Software used by genomepanel_nf

Please cite the underlying tools if you use them through this pipeline.

Tool Version Role Reference
fastp 1.3.1 Adapter trimming, read QC Chen et al. 2018, Bioinformatics doi:10.1093/bioinformatics/bty560
bwa-mem2 2.3 Read mapping Vasimuddin et al. 2019, IPDPS doi:10.1109/IPDPS.2019.00041
SAMtools 1.23.1 BAM manipulation & sorting Danecek et al. 2021, GigaScience doi:10.1093/gigascience/giab008
Picard 3.4.0 Read group assignment, duplicate removal Broad Institute 2019
GATK 4.6.2.0 Haplotype calling, genotyping, variant filtration Van der Auwera & O'Connor 2020
BCFtools 1.23.1 VCF filtering and manipulation Danecek et al. 2021, GigaScience doi:10.1093/gigascience/giab008
vcftools 0.1.17 Population-genetics VCF processing Danecek et al. 2011, Bioinformatics doi:10.1093/bioinformatics/btr330
sra-tools 3.2.1 NCBI SRA data download NCBI
entrez-direct 24.0 NCBI SRA accession resolution NCBI
R / tidyverse 1.2.1 QC visualisation R Core Team; Wickham et al. 2019, JOSS doi:10.21105/joss.01686

Release notes

v1.0.9 (May 2026)

  • Added required --slurm_queue parameter when using -profile slurm. The pipeline now validates this at startup and exits with a clear error if it is missing. The specified partition should allow a walltime of at least 7 days.

v1.0.8 (May 2026)

  • BAM files are now deleted mid-run once all GATKHC tasks have finished, freeing disk space without risking premature removal.
  • Fixed zero-length vector crash in r_process_summary_fastp.R for single-end samples (duplication$rate / insert_size$peak null guard).

v1.0.7 (May 2026)

  • Replaced CombineGVCFs with GenomicsDBImport for GVCF consolidation. Eliminates in-memory GC-thrashing at large sample counts; batch size tunable via --genomicsdb_batch_size.
  • Nextflow ≥ 26.x compatibility: moved log.info inside the workflow block, replaced C-style loops with Groovy functional expressions, and updated nextflow.config env-var syntax.
  • Added JVM flags -XX:-UsePerfData --enable-native-access=ALL-UNNAMED to all GATK processes to suppress Java 17+ warnings.
  • Fixed gatkIndex memory to prevent a -Xmx0g crash on first attempt.
  • Fixed single-end sample crash in r_process_summary_fastp.R (insert_size$peak is absent for SE data).

v1.0.6 (April 2026)

  • Switch to automatic Singularity image pulling. No manual action required.
  • Included fully functional example dataset.

v1.0.5 (April 2026)

  • Fixed HTML QC report generation
  • Improved stability of SRA downloader

v1.0.4b (April 2026)

  • Fixed invalid retryStrategy process directive.

v1.0.4 (April 2026)

v1.0.3 (April 2026)

  • Updated all Singularity container images to the latest Galaxy depot releases.
  • Redesigned QC report (pipeline_report.html): unified fastp, BWA and variant quality sections into a single HTML report with inline PDF plots (font-independent, works in all containers and browsers).
  • Optimised SLURM resource requests across all pipeline modules.

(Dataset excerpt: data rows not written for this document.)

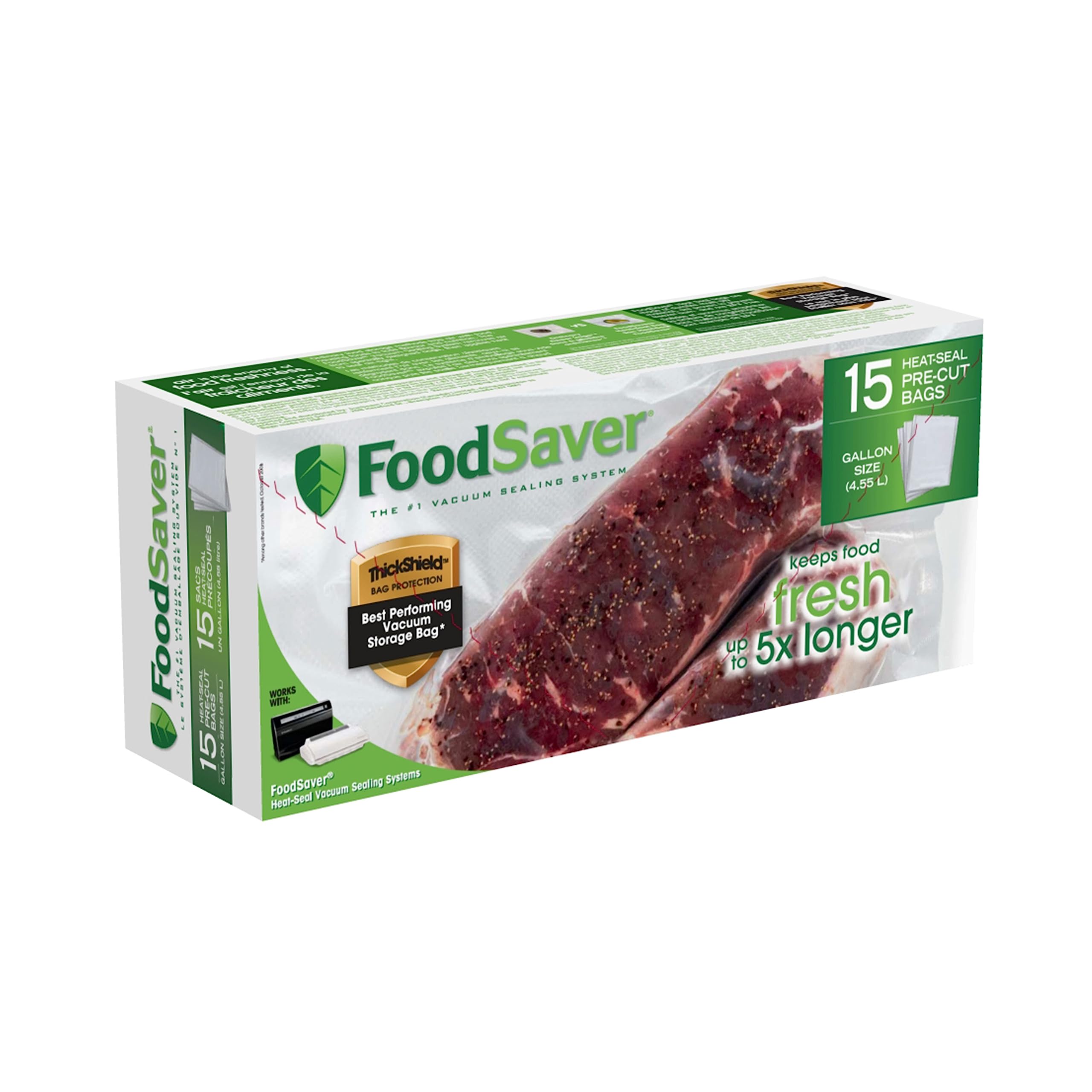 FoodSaver Gallon Size Pre-Cut Bags, Clear (15 Bags)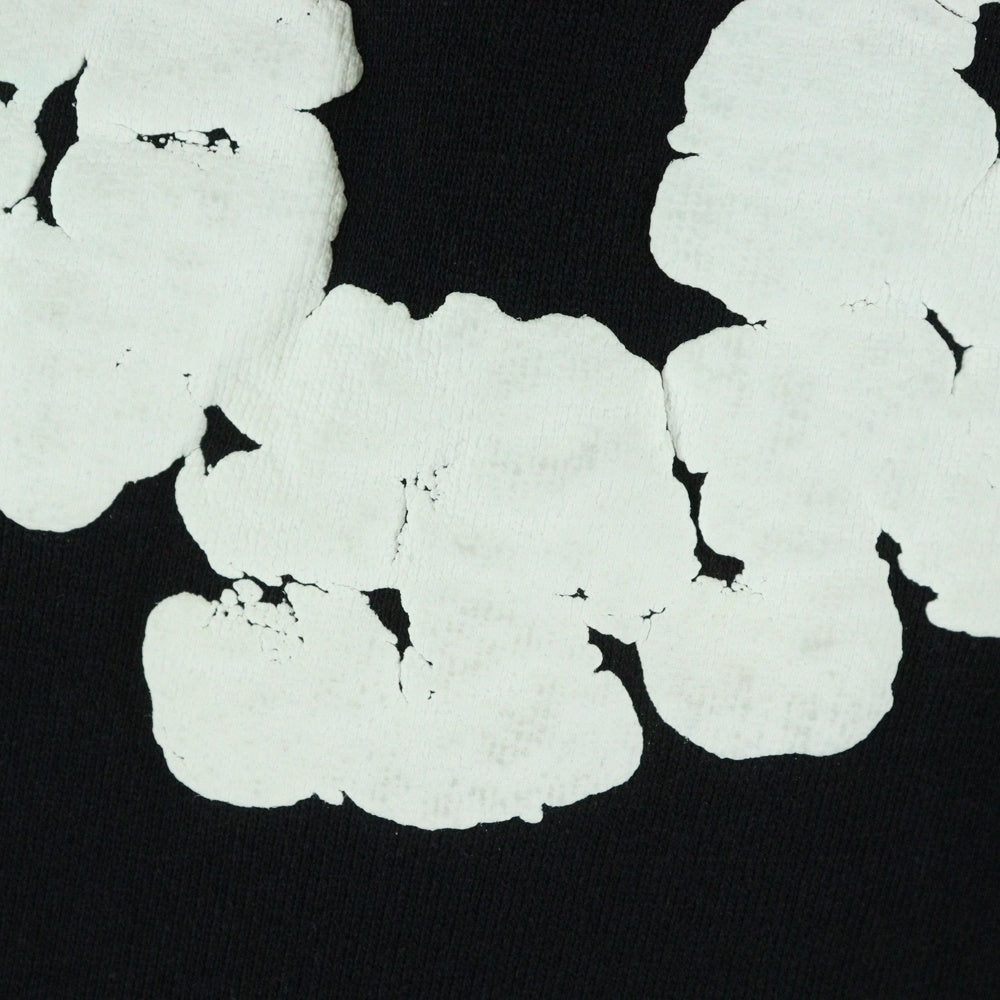 DENIM TEARS(デニムティアーズ) ×READYMADE COTTON WREATH SWEAT FLARE PANTS コットンリース 総柄フラワー カットオフ フレア スウェットパンツ ブラック RE-DT-BK-00-00-09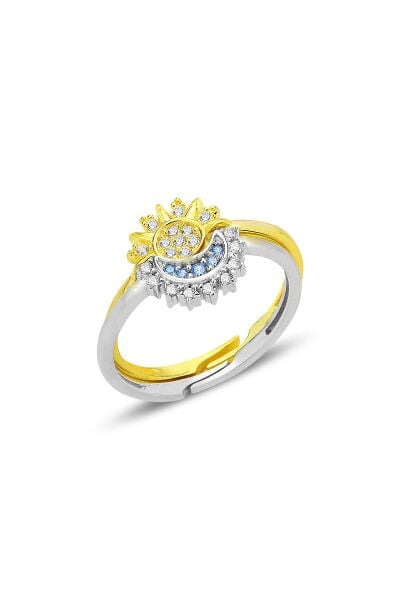 Gümüş akuamarin ve zirkon taşlı gece gündüz ayarlamalı yüzük  SGTL12686GOLD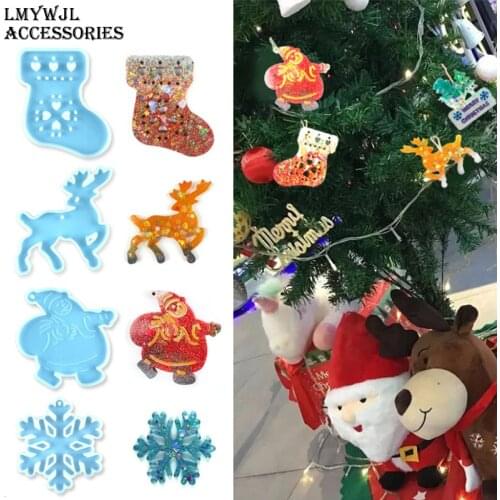 DIY Christmas Decoration Mold Santa Claus Elk Snowflake Christmas Tree Pendant Epoxy Silicone Mold Handicraft Making Mold
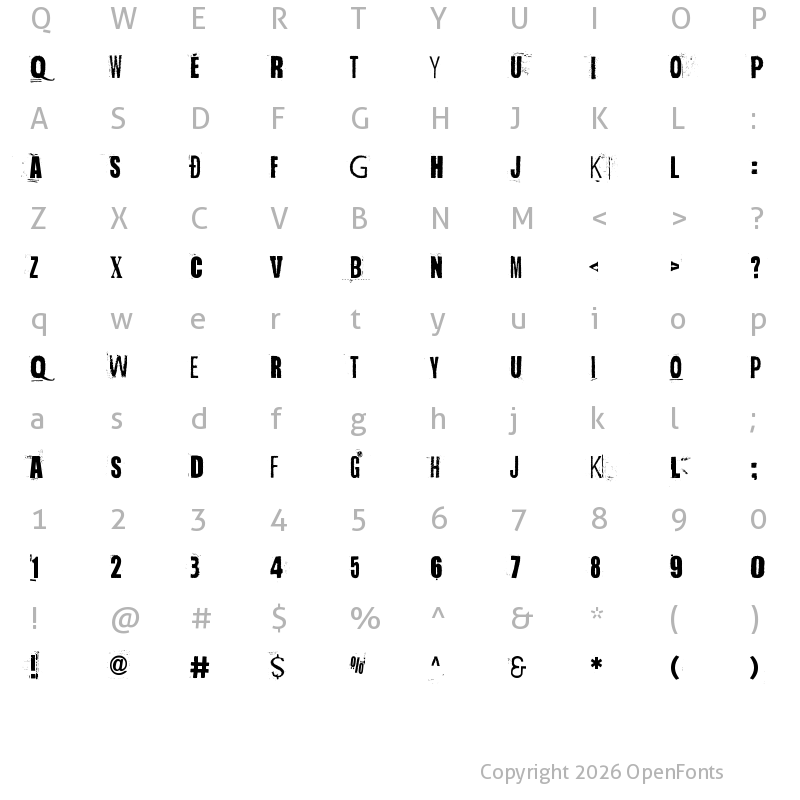 Character Map of Handful of Nothing Regular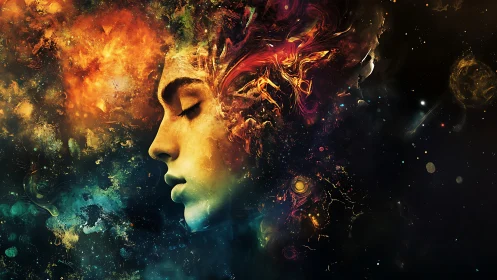 Profiled human visage dissolves into cosmic nebular turbulence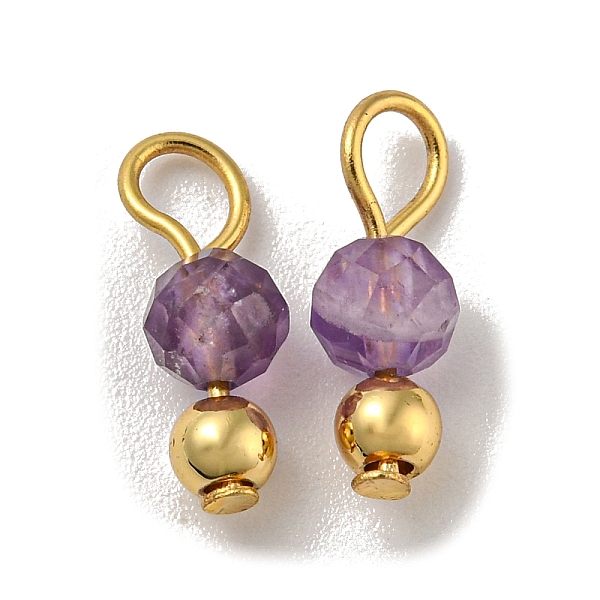 

PandaHall Natural Amethyst Faceted Round Charms, with Golden Tone Brass Beads and 304 Stainless Steel Loops, 12x4mm, Hole: 2.5mm Amethyst...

Questions and feature requests

Questions, bug reports and feature requests are welcome on the GitHub Issues page.

Questions? Found a bug? Feature requests?

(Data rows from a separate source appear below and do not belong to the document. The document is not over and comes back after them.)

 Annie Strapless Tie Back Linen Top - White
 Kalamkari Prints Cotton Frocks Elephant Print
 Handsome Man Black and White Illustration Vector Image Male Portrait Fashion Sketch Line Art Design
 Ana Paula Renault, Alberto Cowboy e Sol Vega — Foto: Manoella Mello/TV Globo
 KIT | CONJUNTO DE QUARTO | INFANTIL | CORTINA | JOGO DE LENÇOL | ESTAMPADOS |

Go to the GitHub Issues page


How to cite

If you use genomepanel_nf in your research, please cite:

Croll, D. (2026). genomepanel_nf - a highly efficient Nextflow pipeline for reference genome variant calling of large genome panels (v1.0.5). Zenodo. https://doi.org/10.5281/zenodo.19392838

DOI

Please also cite the underlying tools listed in the Software table above.